Bankers are ``buying businesses for themselves, moving west or to Europe, including Russia, or to Dubai,'' said Jeanne Branthover, managing director of Boyden Global Executive Search in New York. ``They're also moving totally outside what they do, buying a retail store or a ranch.''
About 33,300 finance jobs in New York City, or 7.1 percent of the 2007 peak, will be cut by June 2009, the Independent Budget Office, a non-partisan monitor of city finances, estimated in a May report.
Expansion Plan
``The job market is in the worst, most chaotic state I've ever seen it in fixed income,'' said Michael Maloney, who recruits finance professionals for Maloney Inc. in New York.
``I've been doing this for over 30 years and I've never seen anything like this.''
Half the people working in debt sales, trading or research in New York at the beginning of 2007 will have been fired by the end of this year or won't get a bonus, Maloney estimated.
Jeff Salmon said job jitters prompted him to swap investing in asset-backed securities at Bank of New York Mellon Corp. for keeping the books at a hair salon. He and his wife, Olga, opened a Great Clips franchise in Mercerville, New Jersey, that offers
$12 haircuts for both men and women.
``The structured finance market is so bleak right now, it makes sense for us to focus our energies on this,'' said Salmon, 49. ``It's refreshing to not have to worry about whether I am going to have a job next week.'' The couple plans to open another Great Clips in October.
Pay Cuts
Traders and bankers who leave finance can expect to earn a fraction of what they used to make.
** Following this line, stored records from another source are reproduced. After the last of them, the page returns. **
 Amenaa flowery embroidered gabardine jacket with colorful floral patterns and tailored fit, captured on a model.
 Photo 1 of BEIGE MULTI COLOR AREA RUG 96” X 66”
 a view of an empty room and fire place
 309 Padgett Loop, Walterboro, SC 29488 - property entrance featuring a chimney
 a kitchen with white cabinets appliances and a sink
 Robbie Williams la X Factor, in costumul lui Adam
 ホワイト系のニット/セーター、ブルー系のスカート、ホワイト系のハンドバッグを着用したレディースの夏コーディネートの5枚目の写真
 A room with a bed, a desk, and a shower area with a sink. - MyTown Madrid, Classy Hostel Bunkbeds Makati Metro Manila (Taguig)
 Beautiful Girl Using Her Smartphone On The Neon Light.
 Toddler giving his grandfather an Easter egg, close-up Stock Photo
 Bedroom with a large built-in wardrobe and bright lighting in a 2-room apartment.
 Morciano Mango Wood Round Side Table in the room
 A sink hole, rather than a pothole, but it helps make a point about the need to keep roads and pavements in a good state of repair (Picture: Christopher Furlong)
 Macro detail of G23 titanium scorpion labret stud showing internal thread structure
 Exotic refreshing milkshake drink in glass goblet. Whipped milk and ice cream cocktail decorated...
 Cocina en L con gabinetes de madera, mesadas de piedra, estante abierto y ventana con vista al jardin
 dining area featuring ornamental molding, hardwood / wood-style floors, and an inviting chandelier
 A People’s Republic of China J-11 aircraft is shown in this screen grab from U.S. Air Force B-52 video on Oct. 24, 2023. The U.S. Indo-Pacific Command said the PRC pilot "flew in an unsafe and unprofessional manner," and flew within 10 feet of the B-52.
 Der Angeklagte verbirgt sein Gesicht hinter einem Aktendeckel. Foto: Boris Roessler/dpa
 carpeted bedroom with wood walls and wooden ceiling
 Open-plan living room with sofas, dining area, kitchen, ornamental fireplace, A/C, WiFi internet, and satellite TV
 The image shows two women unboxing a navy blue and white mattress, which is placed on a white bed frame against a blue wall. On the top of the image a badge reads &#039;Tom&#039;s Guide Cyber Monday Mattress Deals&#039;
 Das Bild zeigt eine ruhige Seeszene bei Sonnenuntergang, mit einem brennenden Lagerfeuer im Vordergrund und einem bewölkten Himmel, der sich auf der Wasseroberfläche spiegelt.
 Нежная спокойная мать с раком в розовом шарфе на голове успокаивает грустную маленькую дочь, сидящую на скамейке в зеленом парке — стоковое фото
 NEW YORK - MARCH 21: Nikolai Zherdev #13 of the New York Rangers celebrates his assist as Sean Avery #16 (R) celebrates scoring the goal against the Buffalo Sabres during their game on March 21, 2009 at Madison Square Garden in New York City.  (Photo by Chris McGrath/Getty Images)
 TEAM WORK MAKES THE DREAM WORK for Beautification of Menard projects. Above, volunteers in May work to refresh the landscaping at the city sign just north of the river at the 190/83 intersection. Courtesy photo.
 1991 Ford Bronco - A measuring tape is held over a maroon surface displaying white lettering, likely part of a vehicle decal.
Compensation for employees on Wall Street averaged $399,360 in 2007, compared with $62,390 for New York City jobs outside the securities industry, according to the state comptroller's office.
Goldman Sachs Group Inc., which has cut 1,500 jobs, paid its employees an average of $661,490 last year, company filings show.
Walter, who studied economics at Harvard, is among those welcoming the opportunity to try something radically different.
``The biggest thing that I enjoy is being the jack-of-all trades of having my own business,'' she said. ``It's a challenge.''
Bear Stearns, where Walter worked, was facing bankruptcy before being acquired in May by JPMorgan Chase & Co., which fired 55 percent of Bear's 14,000 employees. Lehman Brothers Holdings Inc. has eliminated 6,390 employees and Citigroup Inc.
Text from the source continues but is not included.